La première étape d’une telle démarche est la reconnaissance des conditions de notre époque et l’établissement de priorités, de besoins et d’urgences. Nous ne pouvons plus nous comporter comme si nous vivions dans une démocratie « normale ».
En réalité, nous n’avons jamais connu une telle « normalité » : tout ce que la démocratie dite bourgeoise nous avait assuré pouvoir satisfaire - nourriture, éducation, soins de santé - a été laissé de côté à maintes reprises et atteint aujourd’hui le niveau d’une véritable catastrophe. Et ce ne sont pas seulement les besoins fondamentaux et la santé physique qui sont en état de catastrophe, mais l’équilibre psychique lui-même. La société est littéralement rendue folle.
Ajoutons à cela quelque chose que notre professeur et ami León Rozitchner (né il y a un siècle, comme nous le rappelons également sur ce site) signale depuis des décennies : la Terreur qui, installée dans les années 1970, n’a jamais disparu. Il y a quarante ans, nous avons retrouvé la démocratie, certes, mais une démocratie terrorisée, comme pour dire qu’elle ne s’est jamais complètement remise d’un « traumatisme » qui revient sans cesse de la chose réprimée, paralysant la société.
Au milieu de cette tragédie sociale, économique, politique, culturelle et autre, nous ne pouvons pas nous permettre de confondre nos priorités.
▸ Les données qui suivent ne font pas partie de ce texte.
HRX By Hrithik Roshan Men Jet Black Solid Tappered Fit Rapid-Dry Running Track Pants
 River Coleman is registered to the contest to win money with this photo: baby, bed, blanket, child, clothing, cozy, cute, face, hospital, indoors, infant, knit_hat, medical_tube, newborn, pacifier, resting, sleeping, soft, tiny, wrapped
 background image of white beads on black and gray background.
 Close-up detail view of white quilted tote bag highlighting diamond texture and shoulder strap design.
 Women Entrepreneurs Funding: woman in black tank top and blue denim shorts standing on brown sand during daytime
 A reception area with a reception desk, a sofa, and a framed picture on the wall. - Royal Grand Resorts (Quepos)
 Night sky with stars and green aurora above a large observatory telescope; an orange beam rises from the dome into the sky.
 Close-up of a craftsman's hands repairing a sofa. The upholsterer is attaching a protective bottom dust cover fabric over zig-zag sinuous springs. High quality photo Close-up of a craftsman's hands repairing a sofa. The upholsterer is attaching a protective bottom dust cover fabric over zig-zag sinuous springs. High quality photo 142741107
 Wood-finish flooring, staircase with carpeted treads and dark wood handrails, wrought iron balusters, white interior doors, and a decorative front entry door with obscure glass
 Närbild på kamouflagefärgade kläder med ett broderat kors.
Pour ne citer qu’un exemple - qui est loin d’être le seul : mettre autant d’énergie dans les affaires internes d’un parti qui est, lui aussi, en franc déclin revient à essayer de jouer une nouvelle partie de canasta [1] dans la salle à manger du Titanic. Nous avons devant nous une tâche immensément plus grande, celle de ramener la Liberté avec ce que nous avions l’habitude d’appeler ses mots frères, à une époque de dégradation abjecte de la langue, y compris, bien sûr, de nos langues politiques. La génération d’une nouvelle loi pour notre polis - comme l’auraient dit ces anciens Athéniens qui ont inventé cet étrange concept mixte de demos-kratos, c’est-à-dire le pouvoir du peuple - commencera par le contraire de l’affirmation de l’existant, par le contraire de la pensée « positive ».)]
Nous avons en effet trop de positivités qui nous écrasent : celle des puissances économiques et financières, celle des cliques politiques qui les représentent directement ou sont trop lâches pour les affronter, celle des médias et des réseaux (a)sociaux, et ainsi de suite, sans oublier la Terreur et l’état de semi-folie auquel nous faisions allusion tout à l’heure. À cet écrasement du positif ne peut s’opposer que ce que l’on appelait jadis la dialectique critique, qui suppose une négativité matérielle fusionnant la pensée et l’action. Heureusement, cela commence à se faire. Mais il faut faire très attention au risque que les différents mouvements se développent dans un parallélisme qui pourrait les conduire à s’épuiser. La convergence et l’articulation de leurs diversités sont essentielles si nous voulons donner naissance à une nouvelle légalité et à une autre légitimité.
Notes
[1] La Canasta est un jeu de cartes d’origine uruguayenne qui s’est popularisé à une vitesse surprenante sur tout le continent américain. Il s’agit de jeter les cartes que l’on a en main, de les étaler sur la table pour former des combinaisons de sept cartes, la « Canasta », et d’atteindre le minimum de 5 000 points requis pour remporter la partie avant ses adversaires, en plusieurs parties partielles.